Master Cpl. Shane Dich, a traffic technician with the air force, says 8 Wing Trenton snapped into action quickly to transport crucial excavation equipment from a drilling company in Val D'Or down to the island nation to get the miners out.
Finding out the miners were safely removed "was probably the single most relief I've ever had," said Dich. "This is what we've trained for."
Dich said he got a call on Aug. 4 telling him to be ready within 24 hours.
His job was to go to Val D'Or and see if the giant drill was deployable to the Dominican Republic. The drill weighed thousands of pounds and had to be transported on a C-17 aircraft.
"It's a situation or something that had never been done before," said Dich, and "time was of the essence to get all this stuff there all at once."

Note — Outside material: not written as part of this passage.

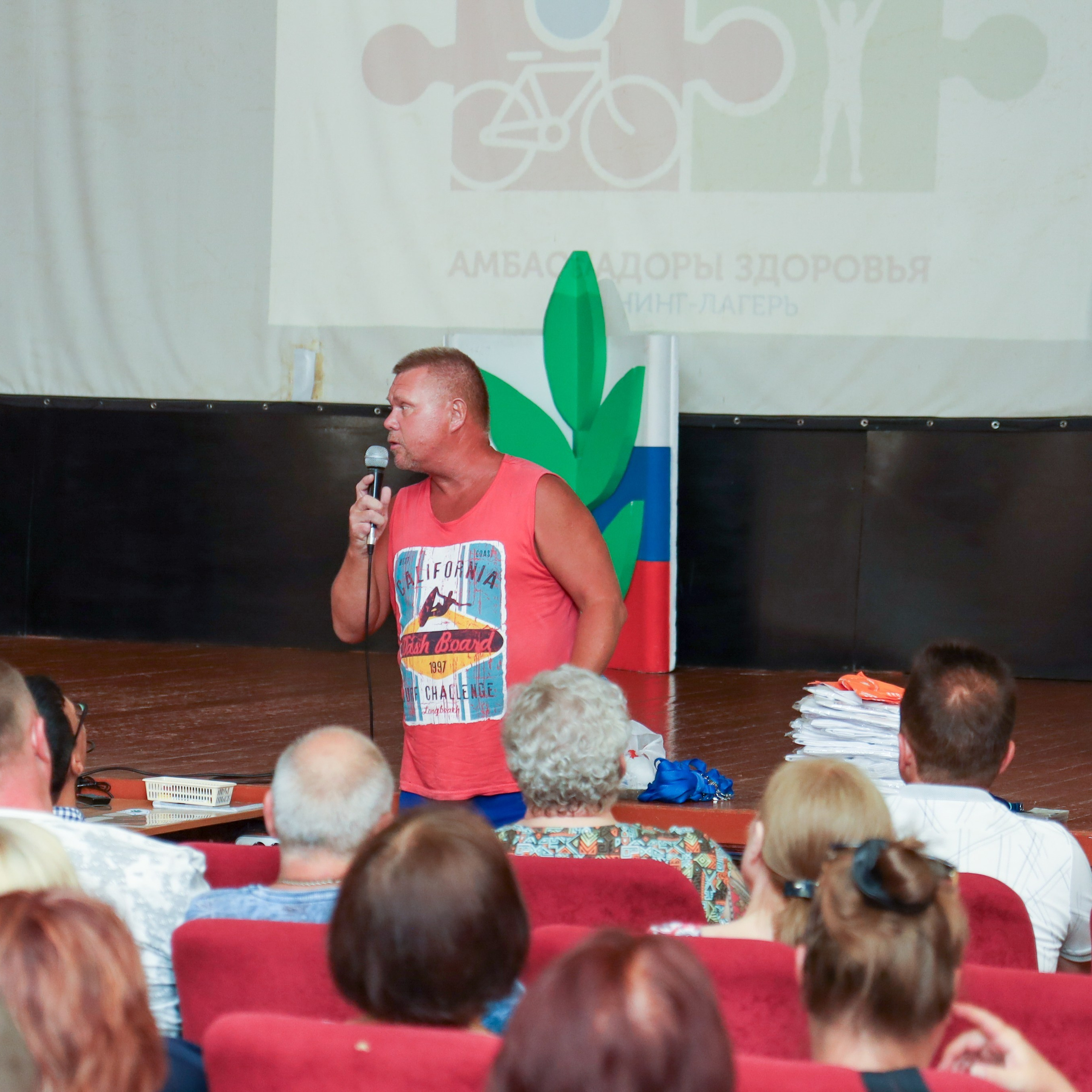 Тренинг-лагерь «Амбассадоры здоровья». Галерея ПрофАС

Christian St-Amour, the operations manager at Machine Roger, the company that provided the drill, said they have a special drill head that is wider than many others on the market — about 76 centimetres in diameter — and it can drill a hole wide enough to pull a person through.
St-Amour and four other staff flew to the Dominican Republic in the C-17 with the drill. He said that despite the work they put into planning the shipment, there were a lot of unknowns about the conditions on the ground that made the task daunting.

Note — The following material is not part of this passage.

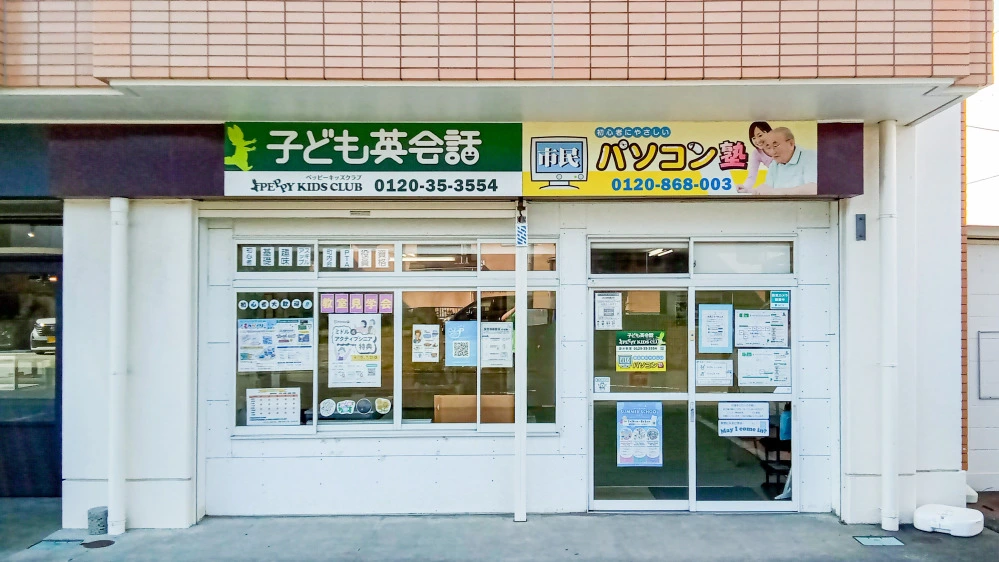 袋井教室 | 静岡県袋井市の子ども英会話教室ペッピーキッズクラブ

"That was a lot of pressure," said St-Amour.
He said he saw when the rock in between the miners and freedom broke, and heard the miners call out to the rescuers. St-Amour said the two miners looked to be "in pretty good shape" as they drove back to the surface.
"The party started right after that. Everybody was happy," said St-Amour.
The two miners with the Dominican Mining Corporation, Gregores Mendez and Carlos Yepez, were trapped in the underground Cerro de Maimon mine from July 31 to Aug. 9.